##### Given data #####

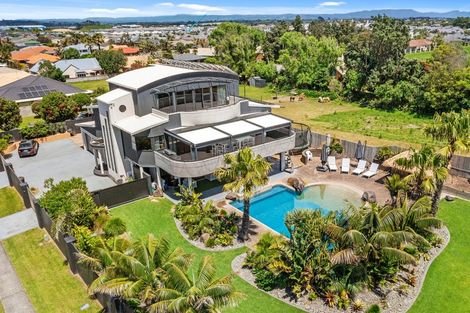 Photo of property in 2 Sandhurst Drive, Papamoa Beach, Papamoa, 3118
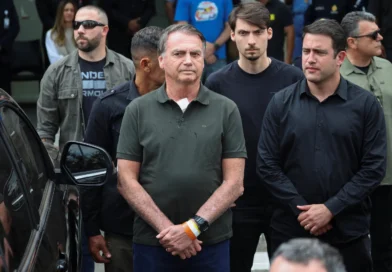 Bolsonaro tem oscilações na pressão e defesa pede sessões maiores de fisioterapia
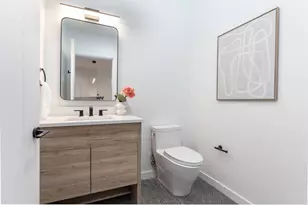 1395 Washington St, Boston, MA 02118 - Photo 9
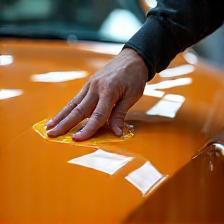 Application de cire protectrice auto par LavAuto à Lyon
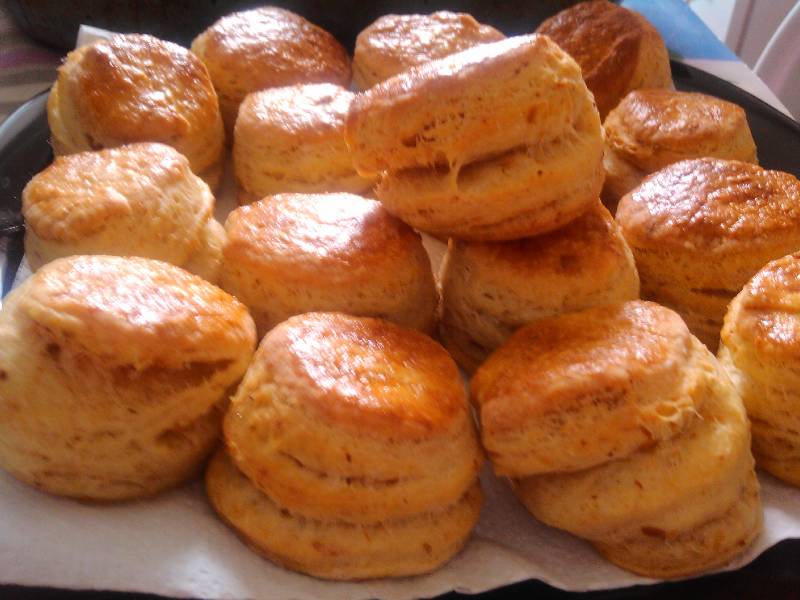 Tepertős leveles pogácsa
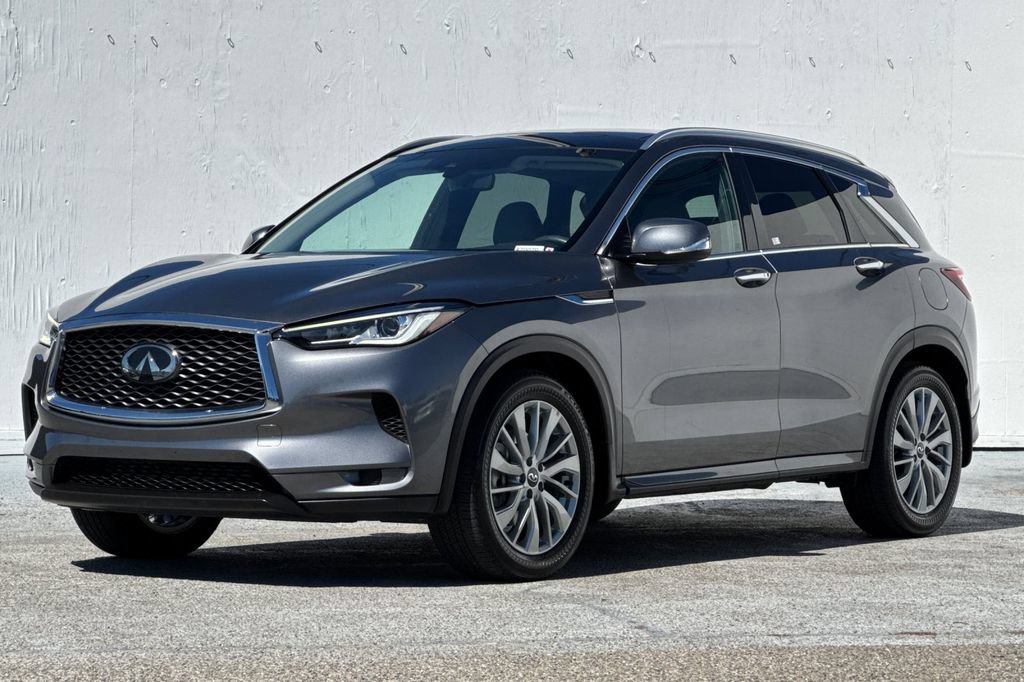 Used 2023 INFINITI QX50 Luxe AWD/4WD image 7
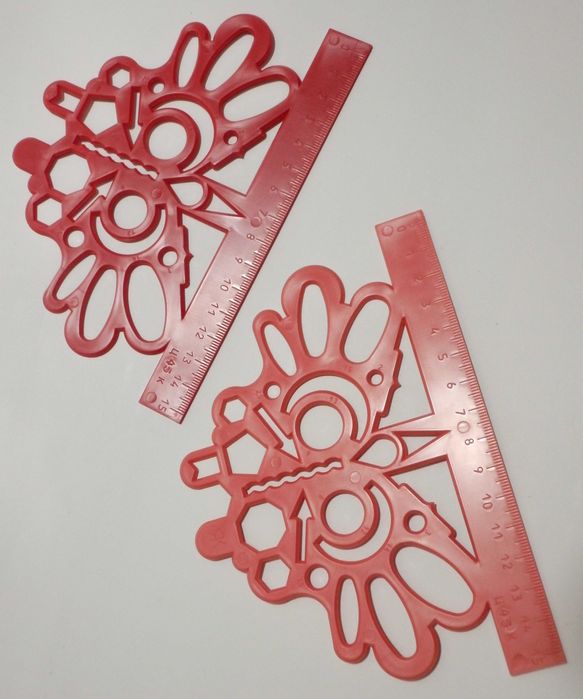 Трафарет фігур геометричний лекало лінійка червоний линейка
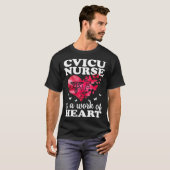 CVICU-verpleegster Werk van het Hart Cardiovascula T-shirt (Voorkant volledig)
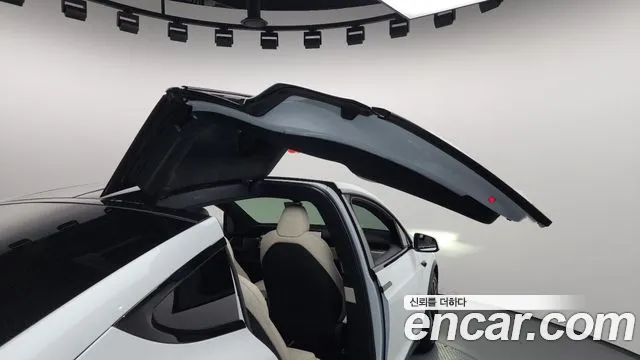 Tesla Model X — Фото автомобиля 23
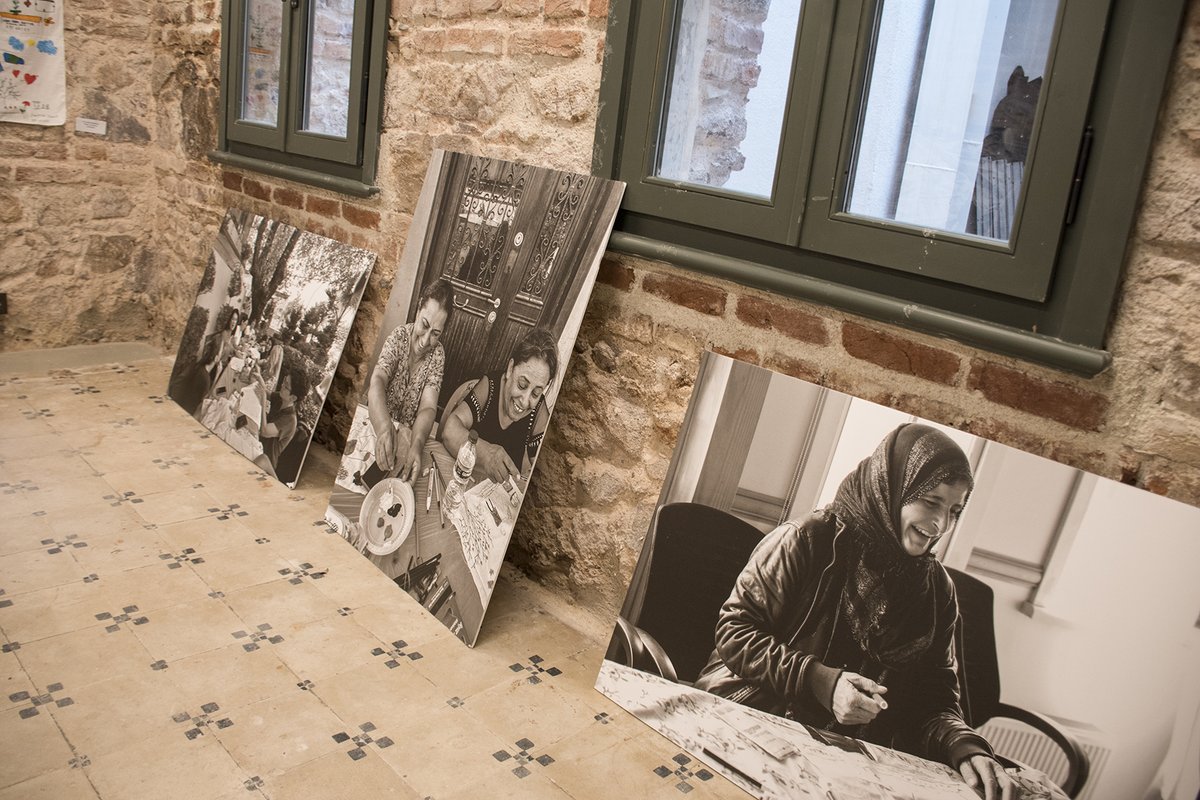 MaviKalem tarafından uygulanan “Kadına Yönelik Şiddete Karış Resim!” projesi kapsamındaki sergilerin ilki 25 Kasım Kadına Yönelik Şiddetle Uluslararası Mücadele Günü’nde Adalar Belediyesi işbirliğiyle Büyükada Taş Mektep’te açıldı. <a href="/MaviKalem/">Mavi Kalem Derneği</a>

tinyurl.com/ys4jjky8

#####

# Action item
Lines from the one containing "Tesla Model X — Фото автомобиля 23" through the end of the entries above, both included, are to be written out exactly; no pictures and no other lines.

# Reply
 Tesla Model X — Фото автомобиля 23
 MaviKalem tarafından uygulanan “Kadına Yönelik Şiddete Karış Resim!” projesi kapsamındaki sergilerin ilki 25 Kasım Kadına Yönelik Şiddetle Uluslararası Mücadele Günü’nde Adalar Belediyesi işbirliğiyle Büyükada Taş Mektep’te açıldı. <a href="/MaviKalem/">Mavi Kalem Derneği</a>

tinyurl.com/ys4jjky8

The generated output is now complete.